Una norma di Legge Regionale che consentisse alla Regione di inibire attraverso un proprio atto amministrativo (la mancata adozione del DRAG) l’esercizio dei poteri di pianificazione della Provincia, precludendo sine die l’adozione del PTCP, risulterebbe dunque manifestamente incostituzionale, sia per contrasto con la norma statale (art. 20 del D.Lgs. n. 267/2000), sia per contrasto con l’art. 118 della Costituzione.

Ebbene, poiché nel nostro ordinamento vige il principio che impone di interpretare le leggi in modo conforme alla Costituzione, i citati articoli della normativa regionale (l’art. 1 della L.R.24/2004, l’art. 6 della L.R.20/2001) vanno interpretati nel senso che il DRAG acquisterà efficacia “vincolante” per la pianificazione provinciale solo allorquando verrà ad esistenza, ma che prima della sua approvazione le Province possono comunque procedere alla adozione del PTCP, conformandosi ai generali precetti normativi della legge statale e regionale, oltre che al PUTT.

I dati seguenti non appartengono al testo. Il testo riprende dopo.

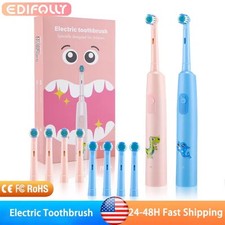 Rotating Electric Toothbrush Rechargeable for Kids w/ 4 Brush Heads Timer Modes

Tale interpretazione, compatibile peraltro con il dato letterale delle norme che non escludono espressamente l’esercizio della potestà pianificatoria provinciale prima dell’approvazione del DRAG, consente di non far ricadere sulle Province i ritardi della Regione, e consente altresì di ricostruire i rapporti tra Regione e Province in conformità ai dettati costituzionali.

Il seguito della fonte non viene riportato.